Thats strange, i had no issues at all. Maybe you did manually mount the share from the previous versions by ip? It should work out of the box, for me the "browse-able" unset timemachine share only shows up in the timemachine disk settings. Maybe we should force timemachine shares "invisible" by default? Is there a reason to have them show up also in the finder, some kind of hybrid mode using the same dir?

Yeah samba3 is 60% smaller, still works fine for most devices, so is the only solution for low space targets, if you don't want to fiddle with a extroot. I also have this hotplug feature still on my to-do, so if you need this samba3 is the way to go. So i expect samba3 to stay until it becomes unmaintained or a major security bug can't be fixed.


Hm, so there is a problem.

"The identity of the Backup disk "Backup" has changed since the previous backup. The disk may have been replaced or erased, or someone may be trying to trick your computer into backing up the wrong disk."

Then, when I go into the TM share, there are different sparsebundle files, each sequentially named on each time I either closed the computer or the backup was restarted and I clicked "ok" do the above dialog box. The incremental backups are not working as intended.

Time Machine also stops backing up as soon as I shut the laptop down. This never used to happen, as I have it on a power adapter with the enable power nap function turned on. When I relaunch, I repeat the above error message and begin a new backup.

Any ideas? Seems like it's a new problem to the 10.12 and up MacOS.

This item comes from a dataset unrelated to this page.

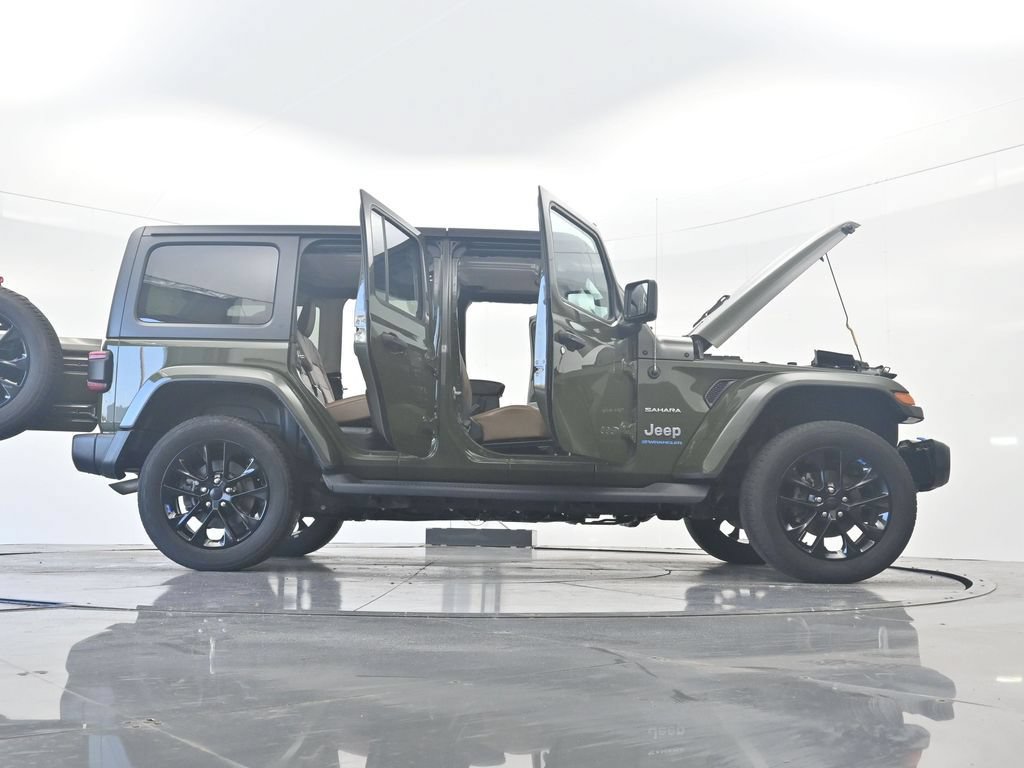 Used 2023 Jeep Wrangler Unlimited Sahara w/ Cold Weather Group AWD/4WD image 42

@yaravawiba Yes its a known bug introduced in samba 4.8.5, will be fixed in the next version. See:

PS: Samba 4.9 was just released today, so i will setup a new PR for it and this should be fixed than.
I will try to fix my package-builder script for macOS today, so you can try compile/install your own samba4.9 version from my feed and give some feedback on the whole process. :stuck_out_tongue:


oki new 4.9.0 version is in my feed and a PR has been created.
The package-builder script was fixed and tested on macOS, everything seems to work.

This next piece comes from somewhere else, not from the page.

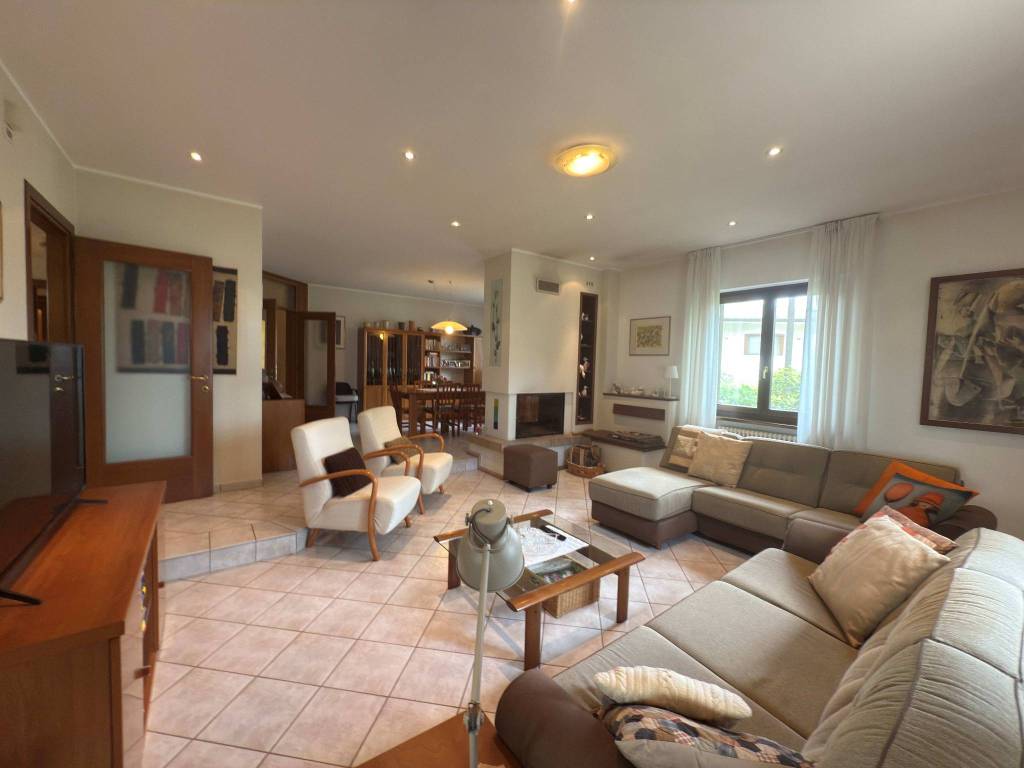 casa indipendente in vendita a Pavia di Udine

Great, I'm a super newbie user but I might try that in lieu of waiting for the patch to be merged mainstream.

In other news, I'm testing smb connection on a nvidia shield, trying to connect to the router via the nvidia shield. It's not working. In doing some research apparently the shield only supports SMB1, which they are updating but it's taking a crazy amount of time. Do you know if samba4 supports SMB1?


Yes samba4 supports all versions smb1-3, but Windows 10 removed smb1 support by default. You have to enable it via Programs and Features/Turn Windows Features on or off/SMB 1.0. Its not recommend for security reasons, but also wont break anything. So as a workaround in a simple local lan, you can try enable it.

PS: Thanks to Dirk Brenken 4.9.0 is already merged, you can still try the package-builder and give some feedback.